One of the 2022 Fantasia Film Festival’s archival presentations is the new restoration of Wong Jing’s 1982 film Mercenaries from Hong Kong. Already here at the beginning of his career, directing his third film after more than a dozen credits as screenwriter over the previous five years, Wong Jing is resolutely, purely, unapologetically himself, even if he’s credited as “Wang Tsing” (the Mandarin spelling of his name, following the conventions of the Shaw Brothers studio at the time). Mercenaries is an all-star action-comedy, a genre Wong would revel in for the rest of his (still going strong) career, making some of the grossest, rudest, clumsiest, least graceful, and most highly entertaining films of the past 40 years. Working for the Shaws in the last years before they completely gave up on filmmaking in the face of challenges from Golden Harvest and Cinema City, Wong has access to their deep bench of contract players, and he packs as many familiar faces into his film as he can grab.

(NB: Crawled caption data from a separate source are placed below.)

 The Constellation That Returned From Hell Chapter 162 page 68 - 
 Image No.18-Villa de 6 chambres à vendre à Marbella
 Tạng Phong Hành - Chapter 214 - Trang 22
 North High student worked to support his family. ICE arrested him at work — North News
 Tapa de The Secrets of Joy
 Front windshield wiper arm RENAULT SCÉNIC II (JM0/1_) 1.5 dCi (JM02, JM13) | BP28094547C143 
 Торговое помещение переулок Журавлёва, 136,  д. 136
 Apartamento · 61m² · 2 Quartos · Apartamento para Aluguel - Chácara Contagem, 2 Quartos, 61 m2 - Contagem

Ti Lung plays a righteous professional killer who, as the film opens, murders a bunch of guys who have kidnapped and drugged a young woman. He doesn’t rescue the woman — he’s just out for revenge because these guys did the same thing to his 15-year-old sister. This sparks a Triad group led by Yuen Wah to go after him, but he’s quickly hired by a mysterious Mrs. Ho to go to Cambodia and bring back the assassin who killed her father. To this end, he assembles a team of the eponymous mercenaries, which include such Shaw stalwarts as Johnny Wang Lung-wei, Lo Lieh, and Wong Yue. A good twenty minutes or so are spent putting the team together, during which time our band of killers manages to get not one but two sets of matching tracksuits, which they model together at the local mall before Yuen Wah and his gang show up. But eventually he gets sorted out and the gang heads off to Southeast Asia, where nothing good ever happens to Hong Kongers in 1980s Shaw Brothers movies.

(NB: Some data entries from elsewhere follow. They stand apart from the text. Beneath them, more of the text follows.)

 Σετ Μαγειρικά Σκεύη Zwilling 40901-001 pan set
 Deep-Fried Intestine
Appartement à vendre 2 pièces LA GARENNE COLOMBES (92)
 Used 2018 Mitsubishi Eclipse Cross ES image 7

The rest of the film proceeds as a series of hyperbolic action sequences (explosions, stabbings, machine guns, crossbows, grenades, hidden pneumatic darts — the works) punctuated with new bits of breathless exposition reversing the loyalties of guys both good and bad. And that’s exactly what we’re here for with a Wong Jing film. He’s a director who promises nothing but more. More infantile jokes, more ridiculous outfits, more gratuitous blood and sex, more insane plot twists, more fights in shopping mall hallways, more, more, more. At one point, Ti Lung even exclaims in anguish to an opponent he considered a comrade, “I know you’re quick with a blade, but I never expected your character to change even faster!” And how could he, since he’d never seen a Wong Jing film before.